Modification of retrograde intubation, thanks to a gastric guide used, makes insertion of the endotracheal tube easier since it is not “cramped” into the guide, as in the classical method. Such a modification had already been suggested by Butler and Cirillo, the authors of retrograde intubation [1]. As in the presented modification, the gastric tube was introduced by incision of the cricothyroid membrane and directed towards the oral cavity where it was tied to the distal end of the endotracheal tube with surgical sutures. The tube was inserted into the trachea simultaneously pulling the catheter; once the level of the ligament was reached, the sutures were cut. The use of sutures was explained by frequent slipping of the tube from the gastric tube, which was rather short. Moreover, an epidural catheter was used for retrograde intubation, passed through the Murphy eye at the tracheal distal tip of the  tube, which enabled its “pulling” rather than “pushing” [3]. The methods listed above present some serious inconveniences – once the endotracheal tube is placed at the level of cricothyroid ligament, it should be detached from the guide. In some cases, this may not be easy. In the modification described, the gastric tube is not fixed in any way to the endotracheal tube thus can be easily removed. 

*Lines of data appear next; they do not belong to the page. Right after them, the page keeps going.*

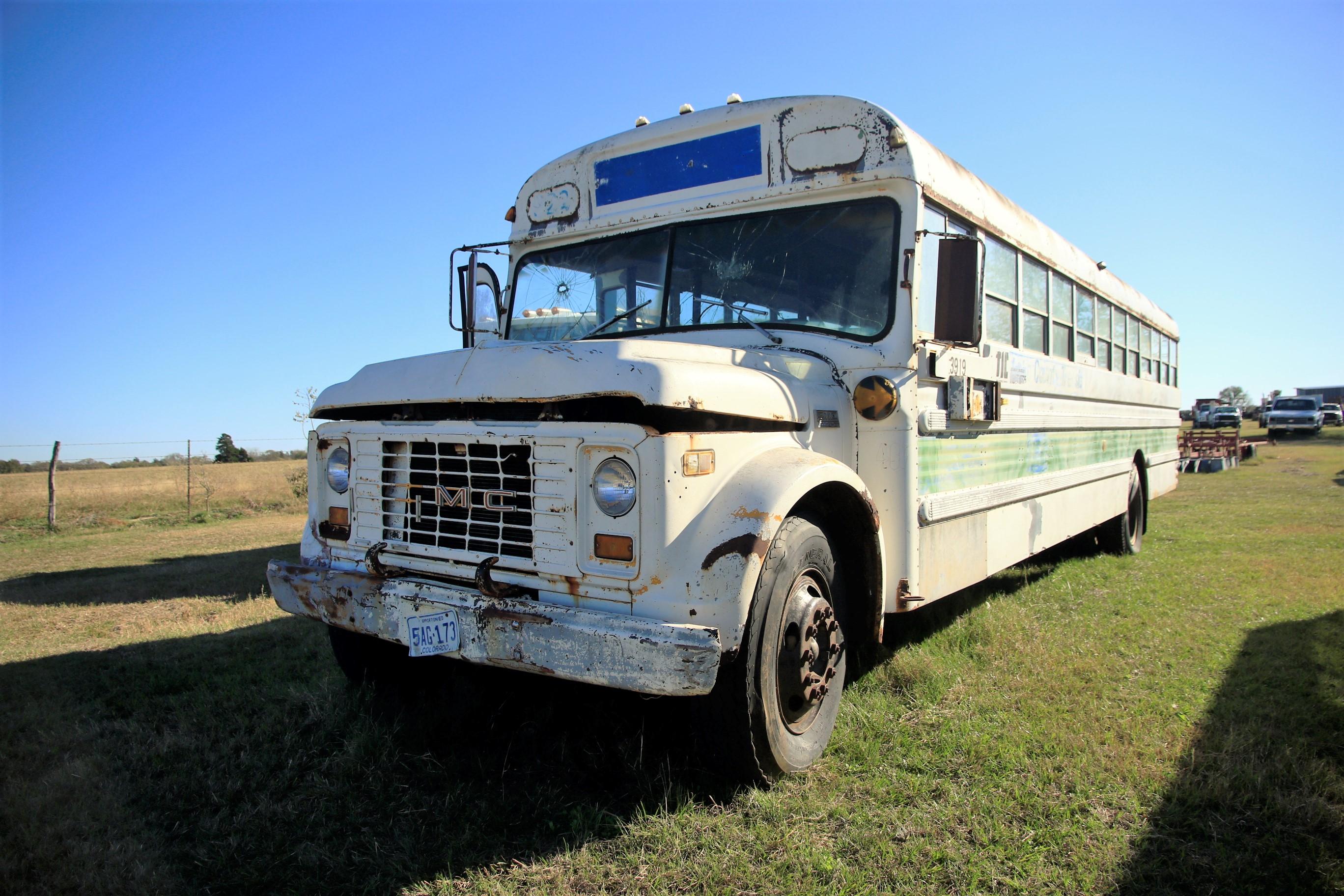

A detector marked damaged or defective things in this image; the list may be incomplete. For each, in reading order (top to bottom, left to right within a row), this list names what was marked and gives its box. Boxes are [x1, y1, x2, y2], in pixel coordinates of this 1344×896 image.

cracked windshield [511, 200, 896, 344]
rusty bumper [265, 558, 723, 700]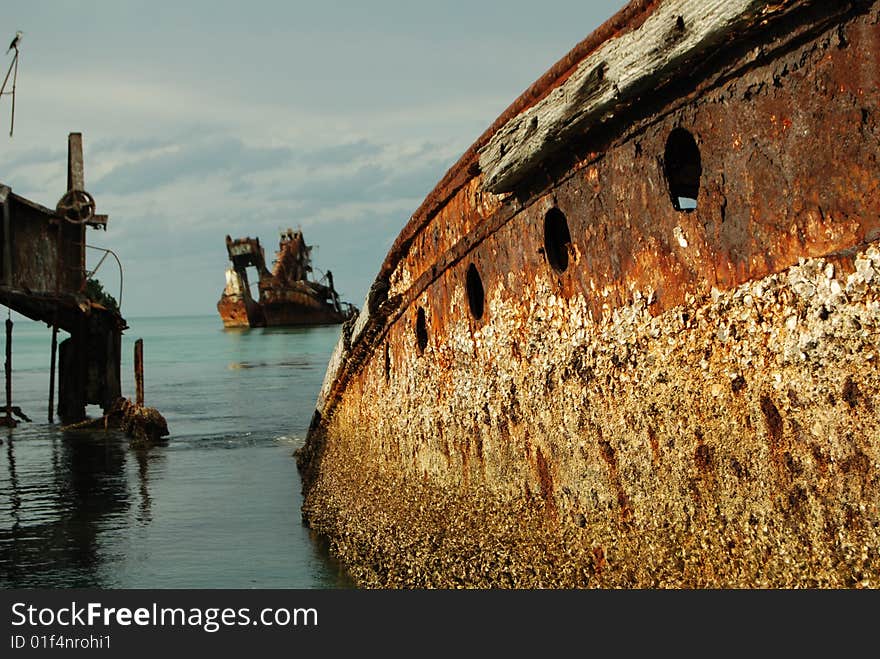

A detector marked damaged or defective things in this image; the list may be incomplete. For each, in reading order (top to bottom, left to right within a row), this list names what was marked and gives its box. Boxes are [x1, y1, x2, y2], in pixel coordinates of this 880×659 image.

corroded metal [217, 229, 358, 330]
rusty ship hull [217, 229, 358, 330]
rusty ship hull [298, 0, 880, 588]
corroded metal [300, 0, 880, 588]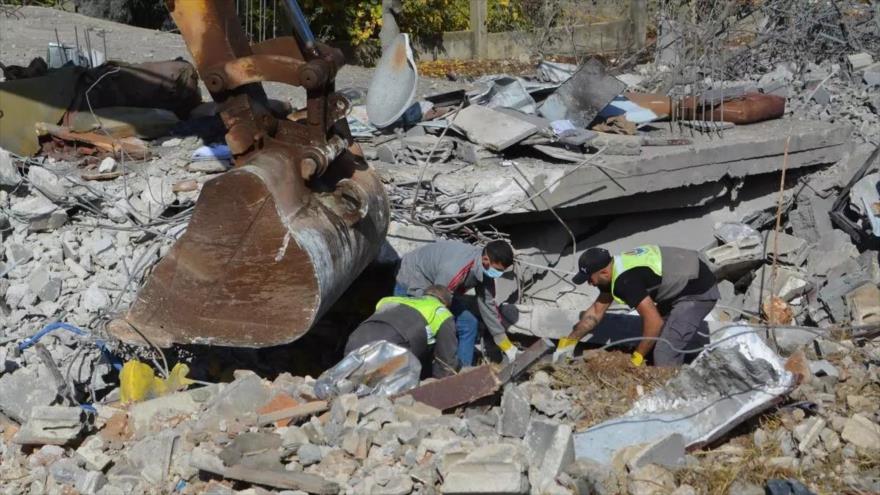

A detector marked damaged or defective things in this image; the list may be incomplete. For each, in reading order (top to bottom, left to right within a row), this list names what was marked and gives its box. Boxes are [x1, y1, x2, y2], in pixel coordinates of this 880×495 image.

broken concrete slab [450, 104, 540, 151]
broken concrete slab [576, 328, 800, 466]
broken concrete slab [12, 406, 84, 446]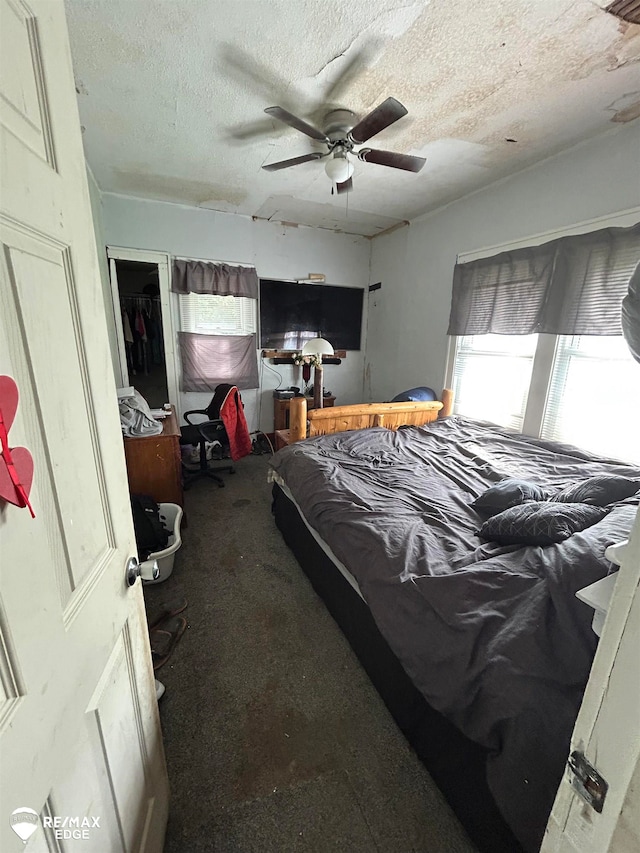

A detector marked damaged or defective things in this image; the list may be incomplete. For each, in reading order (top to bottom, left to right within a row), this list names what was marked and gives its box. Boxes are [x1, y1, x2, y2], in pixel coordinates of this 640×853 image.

water-damaged ceiling [65, 0, 640, 236]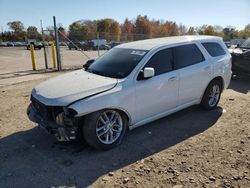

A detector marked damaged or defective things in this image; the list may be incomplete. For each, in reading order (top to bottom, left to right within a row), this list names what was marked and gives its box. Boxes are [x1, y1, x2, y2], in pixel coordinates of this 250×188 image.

crumpled hood [31, 70, 117, 106]
damaged front bumper [26, 103, 77, 142]
front end damage [27, 95, 78, 141]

Retrograde intubation carried out by an experienced clinician is a simple method associated with low risk of complications. Special sets are available but the procedure may also be performed using other devices, e.g. sets for continuous epidural anaesthesia or central venous catheterization. The training in retrograde intubation is easy and good effects are achieved quickly [7].


1. Retrograde intubation is a good method for provision of patent airways in anticipated difficult intubations. 

2. The modified method of retrograde intubation is likely to increase the efficacy of procedures.

3. The manikin model is useful in trainings and easy to apply in studies providing repeatability of attempts and involvement of many physicians. 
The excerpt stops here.